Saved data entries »
####
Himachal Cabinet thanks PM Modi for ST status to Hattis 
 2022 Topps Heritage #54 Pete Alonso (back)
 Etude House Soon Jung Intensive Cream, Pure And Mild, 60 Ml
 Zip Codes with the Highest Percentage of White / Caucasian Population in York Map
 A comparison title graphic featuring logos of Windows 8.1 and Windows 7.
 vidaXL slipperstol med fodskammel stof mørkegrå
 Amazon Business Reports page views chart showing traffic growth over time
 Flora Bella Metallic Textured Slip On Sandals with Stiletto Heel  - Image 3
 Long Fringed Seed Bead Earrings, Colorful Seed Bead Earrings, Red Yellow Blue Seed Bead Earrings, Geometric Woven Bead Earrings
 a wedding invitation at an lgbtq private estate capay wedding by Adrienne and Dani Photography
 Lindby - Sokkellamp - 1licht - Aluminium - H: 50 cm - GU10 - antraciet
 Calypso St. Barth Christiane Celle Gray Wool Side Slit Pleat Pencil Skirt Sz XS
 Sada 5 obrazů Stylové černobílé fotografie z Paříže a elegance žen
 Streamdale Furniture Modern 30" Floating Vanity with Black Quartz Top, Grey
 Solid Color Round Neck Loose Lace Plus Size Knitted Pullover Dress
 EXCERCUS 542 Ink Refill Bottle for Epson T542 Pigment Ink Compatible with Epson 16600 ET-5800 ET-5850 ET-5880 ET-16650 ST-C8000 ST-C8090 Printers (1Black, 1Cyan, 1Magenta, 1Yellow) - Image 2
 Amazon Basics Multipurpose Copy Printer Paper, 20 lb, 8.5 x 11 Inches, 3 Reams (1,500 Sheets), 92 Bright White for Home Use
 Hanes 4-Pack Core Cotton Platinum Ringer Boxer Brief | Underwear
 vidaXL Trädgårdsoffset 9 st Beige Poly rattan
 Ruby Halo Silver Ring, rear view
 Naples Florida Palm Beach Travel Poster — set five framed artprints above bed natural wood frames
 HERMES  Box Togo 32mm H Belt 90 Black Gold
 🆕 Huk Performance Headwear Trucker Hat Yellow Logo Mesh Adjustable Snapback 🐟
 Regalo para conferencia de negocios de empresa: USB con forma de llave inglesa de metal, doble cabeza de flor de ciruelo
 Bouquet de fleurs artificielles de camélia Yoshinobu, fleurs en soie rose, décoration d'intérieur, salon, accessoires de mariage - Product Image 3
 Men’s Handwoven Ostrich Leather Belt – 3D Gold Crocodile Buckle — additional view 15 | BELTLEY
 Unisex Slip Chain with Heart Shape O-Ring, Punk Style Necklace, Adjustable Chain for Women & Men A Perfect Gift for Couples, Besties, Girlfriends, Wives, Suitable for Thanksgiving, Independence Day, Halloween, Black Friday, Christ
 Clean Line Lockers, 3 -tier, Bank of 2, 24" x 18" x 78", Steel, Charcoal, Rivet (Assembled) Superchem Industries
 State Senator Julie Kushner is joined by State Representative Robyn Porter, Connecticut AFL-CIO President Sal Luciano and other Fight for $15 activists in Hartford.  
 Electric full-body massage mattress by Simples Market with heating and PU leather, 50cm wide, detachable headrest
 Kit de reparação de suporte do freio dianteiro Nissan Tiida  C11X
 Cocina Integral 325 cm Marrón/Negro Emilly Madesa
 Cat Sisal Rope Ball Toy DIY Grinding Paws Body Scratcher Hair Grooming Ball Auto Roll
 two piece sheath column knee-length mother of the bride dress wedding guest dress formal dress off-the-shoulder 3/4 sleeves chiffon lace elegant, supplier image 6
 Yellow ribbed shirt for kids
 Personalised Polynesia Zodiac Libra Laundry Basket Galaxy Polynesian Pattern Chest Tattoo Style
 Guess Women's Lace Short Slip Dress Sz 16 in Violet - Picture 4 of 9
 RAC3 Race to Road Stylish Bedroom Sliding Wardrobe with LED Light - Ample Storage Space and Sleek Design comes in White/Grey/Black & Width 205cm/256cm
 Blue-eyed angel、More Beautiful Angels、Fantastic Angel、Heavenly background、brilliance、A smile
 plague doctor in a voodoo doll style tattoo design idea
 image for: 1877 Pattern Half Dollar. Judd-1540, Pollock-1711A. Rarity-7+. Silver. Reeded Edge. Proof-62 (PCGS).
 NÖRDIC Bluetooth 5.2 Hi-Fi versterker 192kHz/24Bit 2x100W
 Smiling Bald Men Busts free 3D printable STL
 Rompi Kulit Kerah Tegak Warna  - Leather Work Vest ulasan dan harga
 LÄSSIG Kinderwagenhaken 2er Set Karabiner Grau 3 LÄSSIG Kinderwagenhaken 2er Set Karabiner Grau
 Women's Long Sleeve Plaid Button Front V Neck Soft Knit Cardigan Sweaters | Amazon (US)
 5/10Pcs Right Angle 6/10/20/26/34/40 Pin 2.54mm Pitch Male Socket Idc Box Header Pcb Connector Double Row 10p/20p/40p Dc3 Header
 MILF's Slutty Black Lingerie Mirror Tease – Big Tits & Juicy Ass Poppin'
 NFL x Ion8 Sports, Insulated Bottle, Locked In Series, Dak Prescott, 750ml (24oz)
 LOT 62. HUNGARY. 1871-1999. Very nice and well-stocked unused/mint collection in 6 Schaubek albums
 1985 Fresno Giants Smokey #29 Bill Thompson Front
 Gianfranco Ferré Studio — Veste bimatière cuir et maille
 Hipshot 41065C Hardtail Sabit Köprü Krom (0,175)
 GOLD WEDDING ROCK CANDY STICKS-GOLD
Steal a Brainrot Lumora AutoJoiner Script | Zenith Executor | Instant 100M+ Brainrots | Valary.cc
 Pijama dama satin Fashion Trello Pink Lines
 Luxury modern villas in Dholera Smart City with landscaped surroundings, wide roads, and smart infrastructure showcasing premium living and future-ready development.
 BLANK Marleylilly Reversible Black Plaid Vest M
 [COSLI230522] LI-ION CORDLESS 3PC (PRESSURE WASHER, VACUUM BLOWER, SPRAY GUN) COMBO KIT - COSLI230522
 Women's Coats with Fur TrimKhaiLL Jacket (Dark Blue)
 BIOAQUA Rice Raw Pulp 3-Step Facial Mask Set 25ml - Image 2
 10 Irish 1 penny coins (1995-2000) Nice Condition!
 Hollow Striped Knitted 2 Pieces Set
####
Please show, exactly as written, every line above that contains the word "Knitted".

 Solid Color Round Neck Loose Lace Plus Size Knitted Pullover Dress
 Hollow Striped Knitted 2 Pieces Set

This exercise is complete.